The test works like this:
- Given a number \(n\), pick a random number \(a<n\) and calculate \(a^n \mod n\).
- Fail: If the result is not equal to \(a\), then \(n\) is not prime.
- Pass: If result is equal to \(a\), then \(n\) is likely prime.
- Repeat. The more times the number passes the test, the more confident we are that \(n\) is prime. If there is a single failure, \(n\) is certainly not prime.
Probabilistic methods
- Most familiar algorithms compute an answer that is guaranteed to be correct.
- Not so with the Fermat test.

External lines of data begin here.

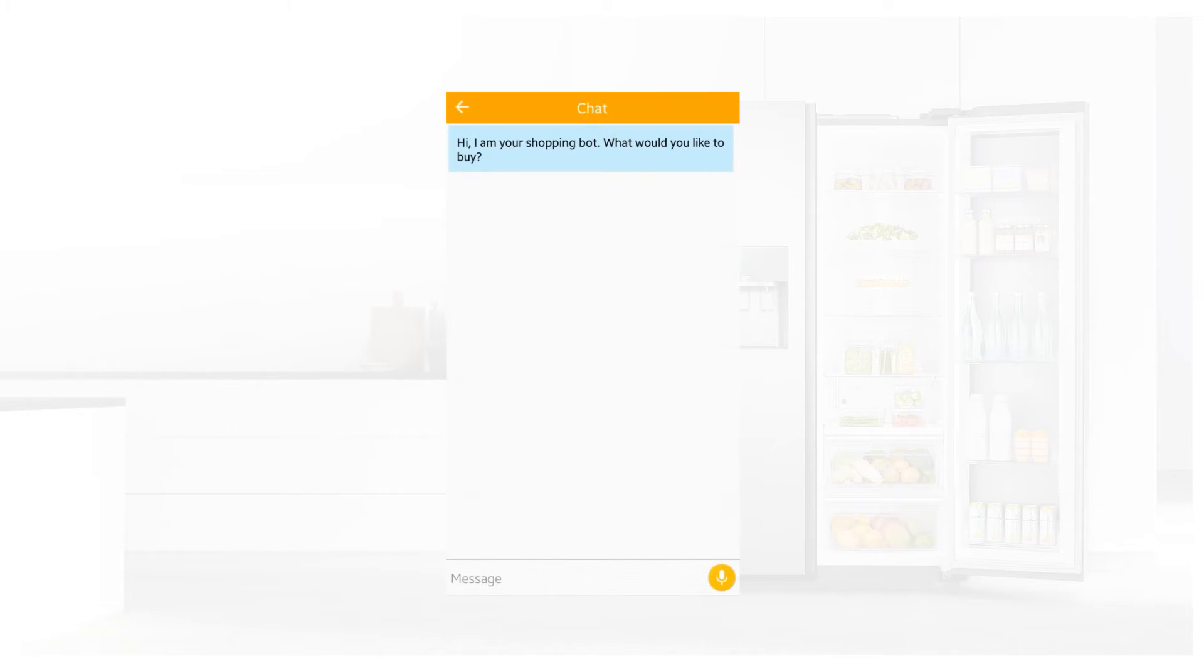Hi, I am your shopping bot. What would you like to buy? I need some coffee.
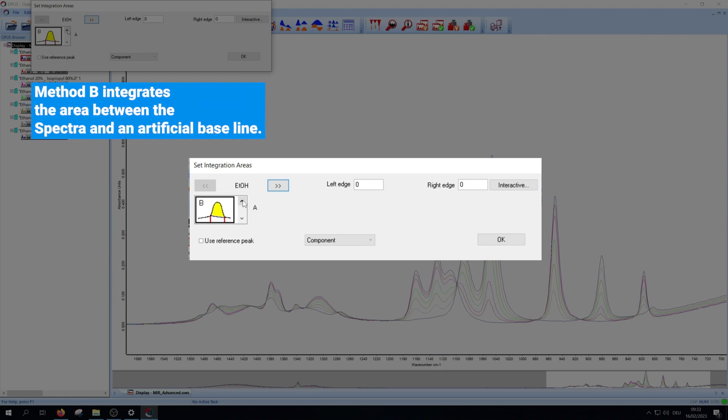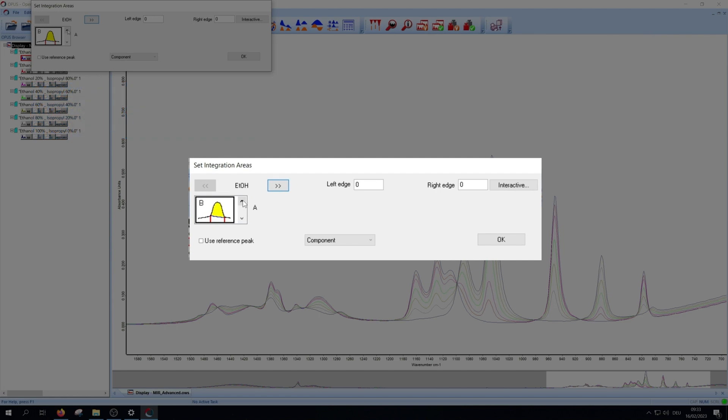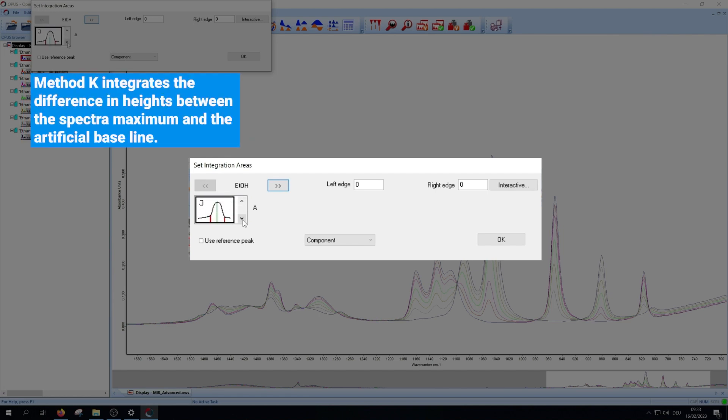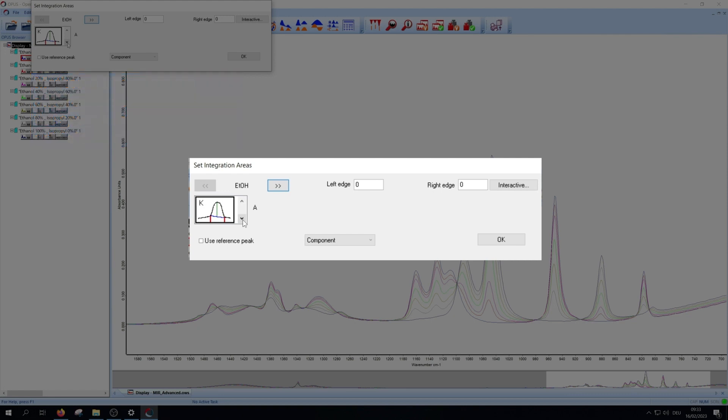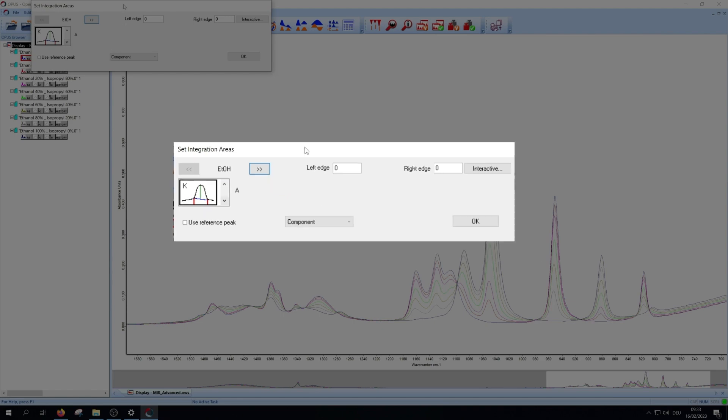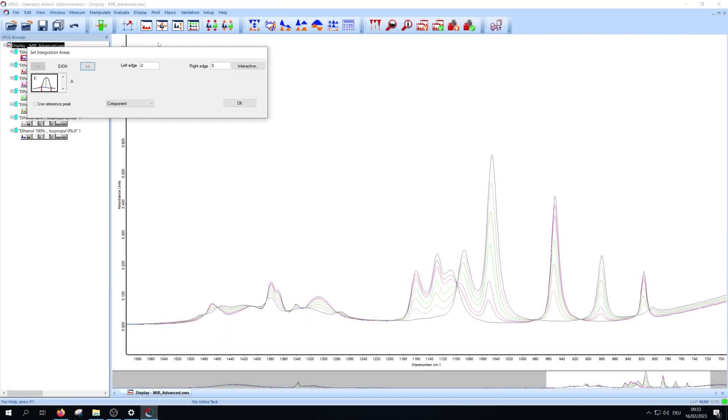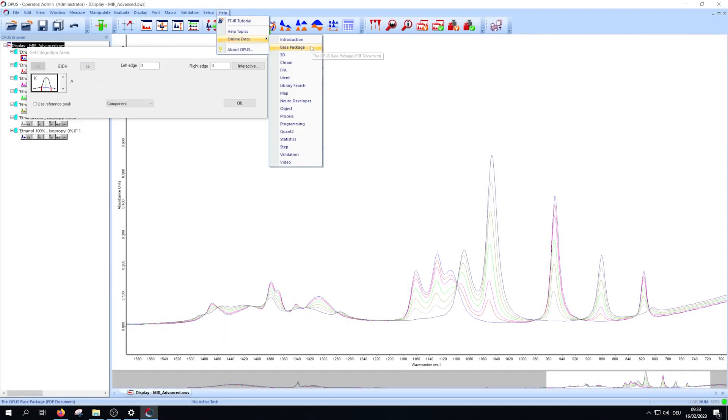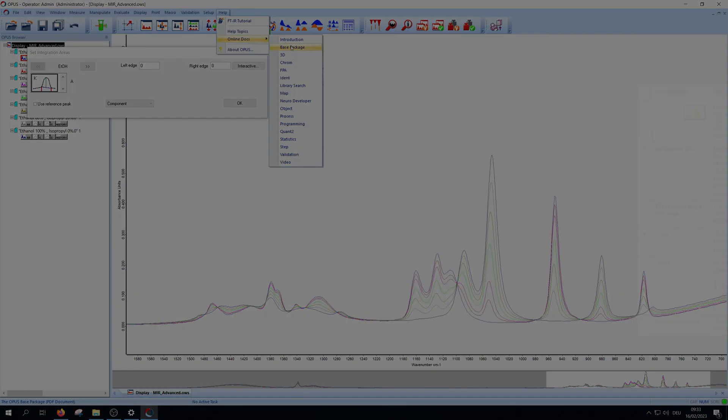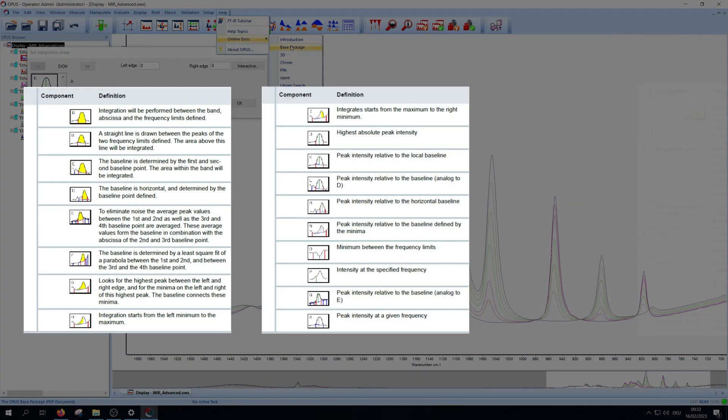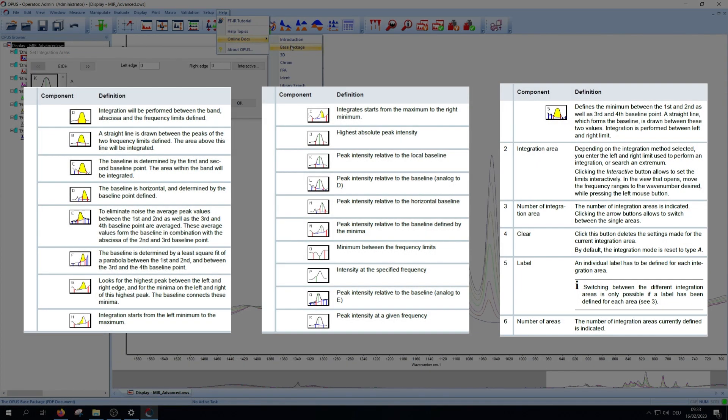Method B integrates the area between the spectra and an artificial baseline. Method K integrates the difference in height between the spectra maximum and the artificial baseline. For more information about the different integration methods look at help, online docs, base package, in the chapters 9.2 for integration and 9.3 for setting up quant method.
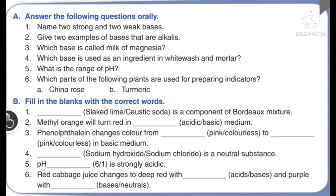Name two strong and two weak bases: sodium hydroxide and potassium hydroxide are strong bases; copper hydroxide and zinc hydroxide are weak bases. Bases that are alkalis: sodium hydroxide and potassium hydroxide. Magnesium hydroxide is called milk of magnesia. Calcium hydroxide is used as an ingredient in whitewash or mortar. The pH range is 1 to 14. For preparing indicators: China rose uses the flower, and turmeric uses the stem.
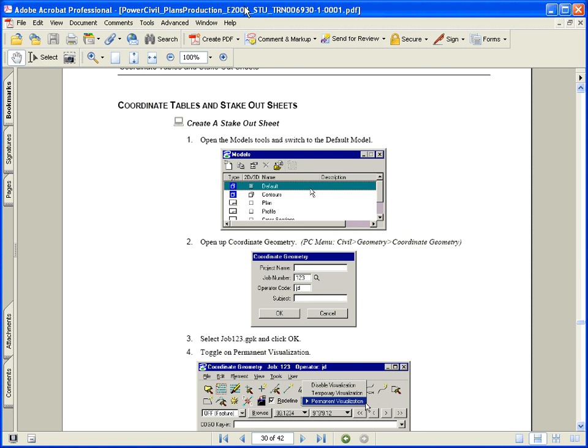We're now going to take a look at creating coordinate tables and stakeout information on sheets. In our training guide we'll be starting on page 126, going through the middle of 128.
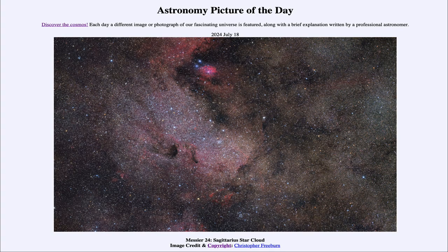Greetings and welcome to the Astronomy Picture of the Day podcast. Today's picture for July 18th of 2024 is titled Messier 24, Sagittarius Star Cloud.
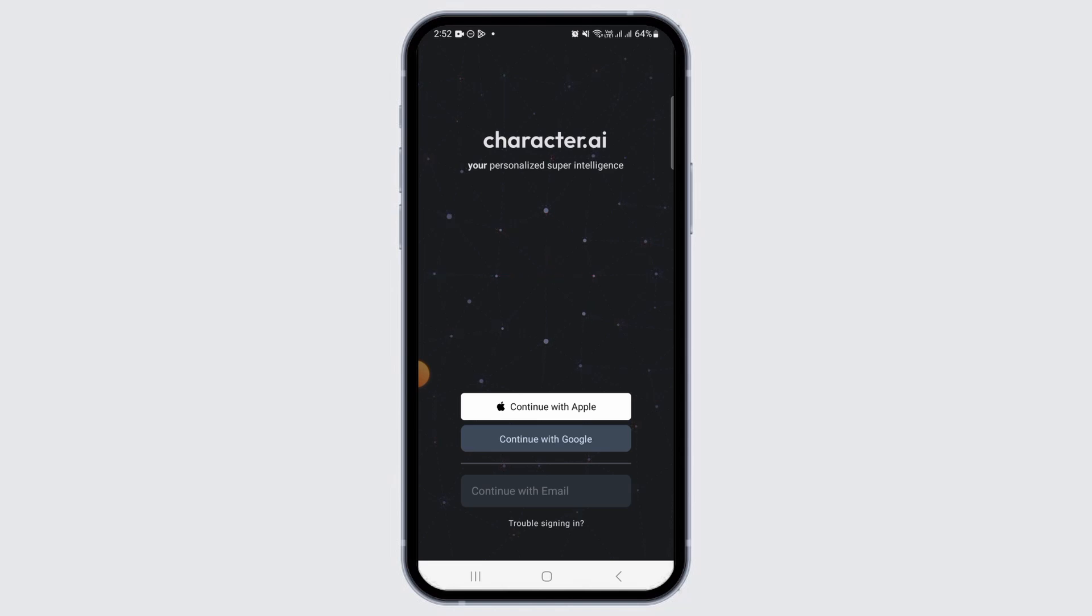Now, in order to log in to your account, you can either continue with your Apple account or continue with your Google account, depending on what you used to create your account.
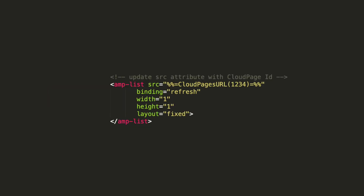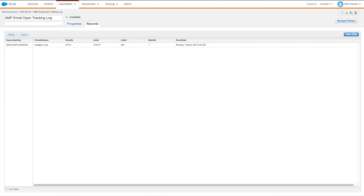Finally, include the following HTML in your email. When the AMP email is opened, a request is made to the server-side script and a data extension record is created with subscriber and send-related data.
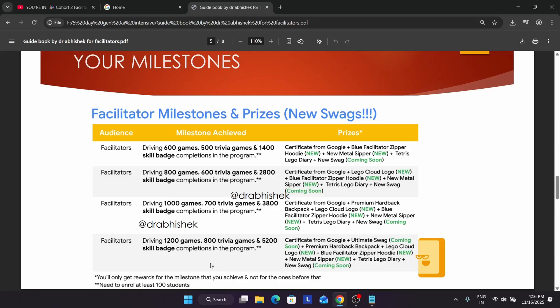You understand the milestone structure. For example, if you complete 1200 games, 800 trivia games, and 5200 skill badges — you don't have to complete these yourself. Your participants, the students enrolled under you, will be completing them individually. If you have 500 students and they complete games individually, the total adds up — 500 students completing four games each gives 2000 games, and 100 participants completing 52 skill badges each gives 5200 skill badges. You can see premium hard backpacks and other swags are available.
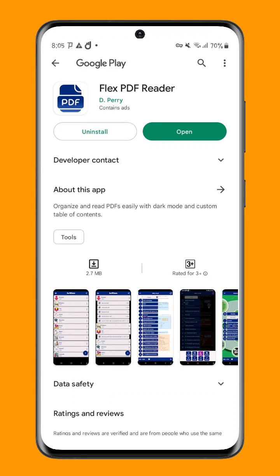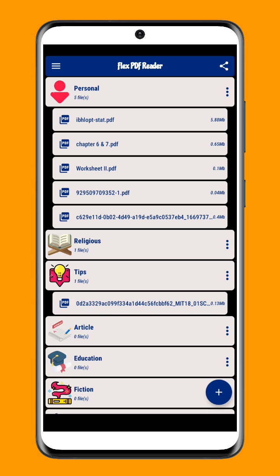FlexPDF Reader is an innovative mobile application designed to help you manage and read your PDF files with ease. With its intuitive interface and powerful features, FlexPDF Reader is a must-have app for anyone who works with PDF documents on a regular basis.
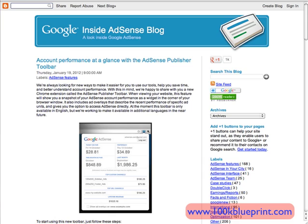This actually came out in January of this year. I haven't started using it regularly until recently, but it's really helpful for anybody who has AdSense sites set up and is constantly logging in and out of their AdSense dashboard to check stats.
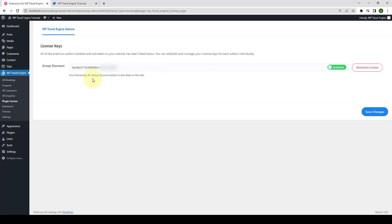Your license key for group discount add-on is activated on this site. After activating the add-on license, you will receive regular updates from our team.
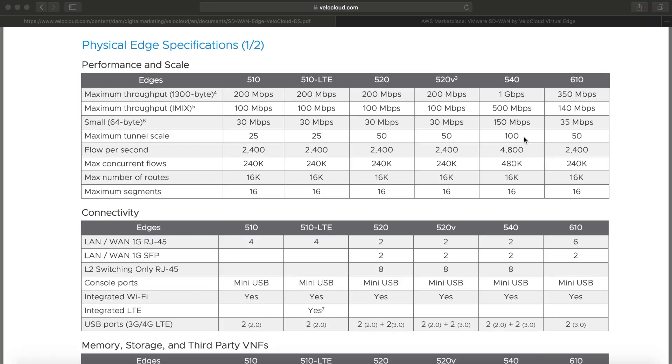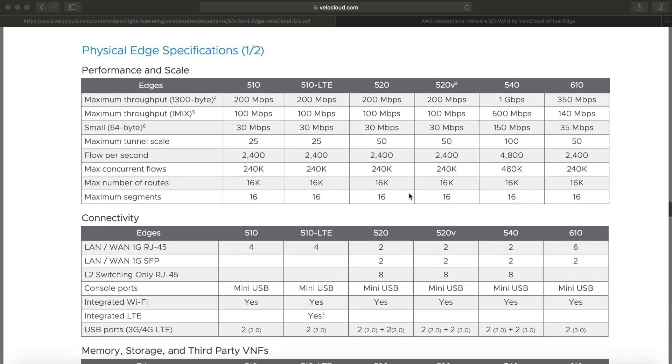So I'm going to now hop into the browser and I'm going to show you a few things that you'll be able to see in the data sheet. I just jumped into the VeloCloud data sheet. That's something that anyone can Google, and you're presented with this document. Somewhere in the middle of it, you have this table called Physical Edge Specifications.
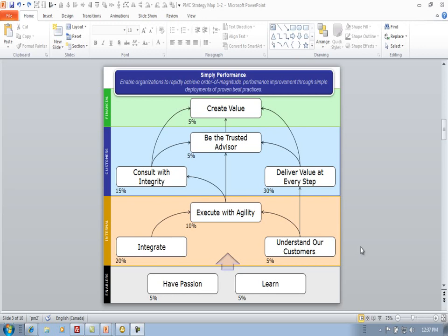In terms of the strategic objectives, what I've done is put the weighting slightly below and to the right. The reason for this is inside a spider we're going to use the performance indicators to go over top where the strategic objective is.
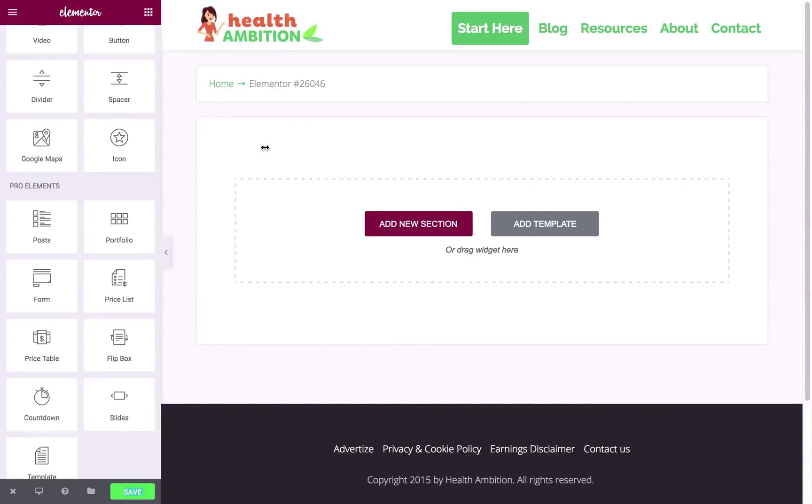Hi guys, Lewis here and in this video we're going to be taking a look at Elementor. This is primarily a free page builder and it's one that everyone seems to be talking about lately. I'm going to walk you through the builder and show you some of the things that it can do.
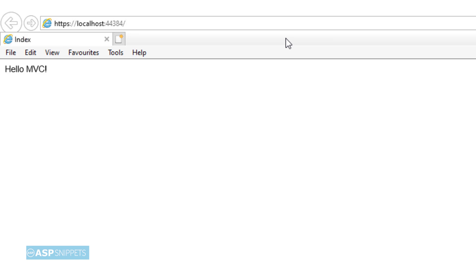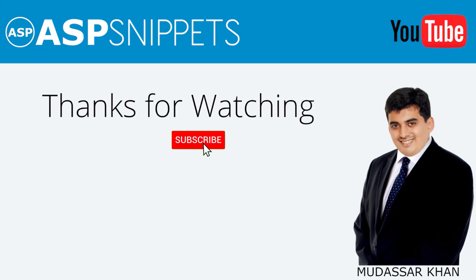As you can see, the session value is being printed successfully. With this, we come to the end of this video. Today we learned how to display session value inside a view in ASP.NET Core MVC. Thanks for watching, please like, share, and subscribe, and don't forget to click the bell icon.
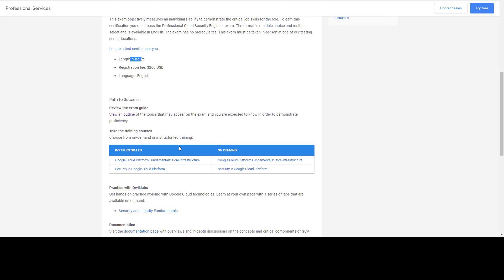There are not many materials on the internet for this certificate, but if you have networking knowledge and have used Google Cloud and work in the security field, you won't need too many resources. However, if you don't have cloud or security experience, you first need to study the core aspects of Google Cloud, take the Google Cloud Certified Associate exam to build prerequisites, and then step into the security aspects.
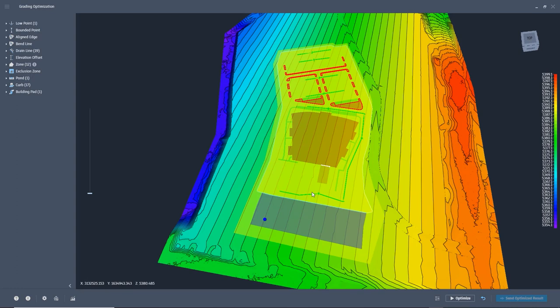One thing I would like to point out. Remember when we ran the optimization the first time without the pond, we reset some of the colors of the grading objects. The color changes held when we sent the optimization back to Civil 3D. These colors held once more when we selected optimize. You can see the color of the building, the sidewalk, and the curb, that it is easier to see them, and that is what we wanted.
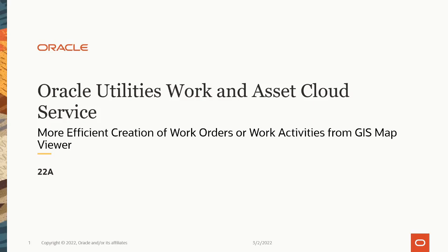Hello, my name is Sudhanshu. Welcome to this session that discusses more efficient creation of work orders or work activities from GIS Map View, available in the 22A release in the Oracle Utilities Work and Asset Cloud Services.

If \(n\) passes the Fermat test for one random value of \(a\), all we know is that there is a better than 50% chance of \(n\) being prime.
- A probabilistic algorithm does not always give a correct result, but you can prove that the chance of error becomes arbitrarily small.
- We can make the probability error in our primality test as small as we like simply by running more fermat tests—except for Carmichael numbers.